Because of her experience, she divides the world into two kinds of thinkers: those who think verbally and those who think visually.

Verbal thinkers use logic, progressing step-by-step towards a conclusion; our entire civilisation is based on verbal thinking, all laws and agreements are made of words.

But visual thinking only concerns what is happening right now.

Verbal thinking depends on a shared understanding of how things should be, visual thinking is solely concerned with what is being experienced.

Temple Grandin said that the first time the world began to make sense to her was when she spent the summer on a farm as a youngster.

She connected with the world of animals, animals didn’t think they just reacted.

She understood animals and that became her area of expertise, her vocation.

As she became an authority on animal science, stockyards began asking her advice.

The farmers couldn’t work out why the cattle fought and panicked and injured each other.

So Temple Grandin did the thing that none of the farmers had thought to do, something that made them think she was crazy.

She got down on all fours into the chutes that the cattle were driven along, and she made the journey the exact same way the cattle would.

And she noticed things the farmers never would, a piece of metal glinting in the sun, a chain rattling as it hung down, a piece of flapping cloth, a gate making a loud clanging noise.

All these things were trivial to the farmers, there was no reason to be frightened of them.

But Temple Grandin explained that cows weren’t verbal thinkers like the farmers, they were visual thinkers like she was, plus they were prey-animals.
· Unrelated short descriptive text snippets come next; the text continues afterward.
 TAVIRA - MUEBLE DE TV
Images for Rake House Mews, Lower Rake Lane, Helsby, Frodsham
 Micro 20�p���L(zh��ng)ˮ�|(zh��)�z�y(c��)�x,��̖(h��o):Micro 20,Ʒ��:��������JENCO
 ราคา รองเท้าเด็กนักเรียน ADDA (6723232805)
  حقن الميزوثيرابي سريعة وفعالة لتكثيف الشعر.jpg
Prey-animals don’t have time to work out what’s a genuine threat, their instinct is to react and run without thinking.

That’s what she could feel walking through the chutes just like the cows would.

Unlike the farmers she wasn’t thinking what made sense to them, she was thinking what would scare the cows.
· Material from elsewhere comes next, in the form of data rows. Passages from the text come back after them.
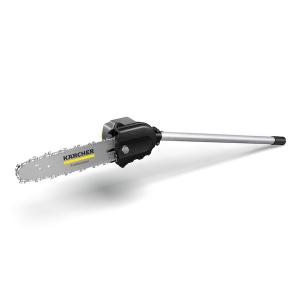 【個人宅配送不可】ケルヒャー KARCHER MT CS 36BP 直送 代引不可 MT36Bp用チェーンソー MTCS36BP｜edenki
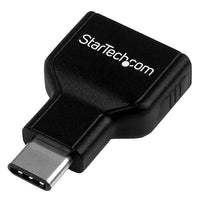 StarTech USB 3.0 C-A Adapter
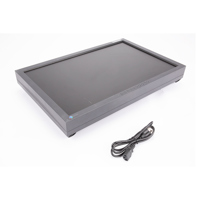Eizo CG243WBK 24" Widescreen C Picture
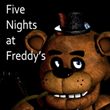 game Five Nights at Freddy's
All over the US, farmers began to adopt her methods, not because they’re sentimental folk but because they saw that calm cows gained weight quicker and made more profit.

Now half of all beef in the US is prepared using Temple Grandin’s methods.

That’s something we could learn from her.

Advertising and marketing are mainly composed of verbal thinkers, people who’ve been to university, which is mainly verbal thinkers.

People who learned to write strategies, and briefs, and advertising campaigns based on a style of thinking they learned at university.

People who create advertising based on intellectual arguments about what should work according to their own logical, rational thinking.

Maybe it would be a good idea for us to introduce some thinking that was more like Temple Grandin’s: visual thinkers instead of just verbal thinkers.

People who don’t just think like farmers but get down and walk where the cattle walk.

Maybe we need people who can think like the people we’re supposed to be talking to.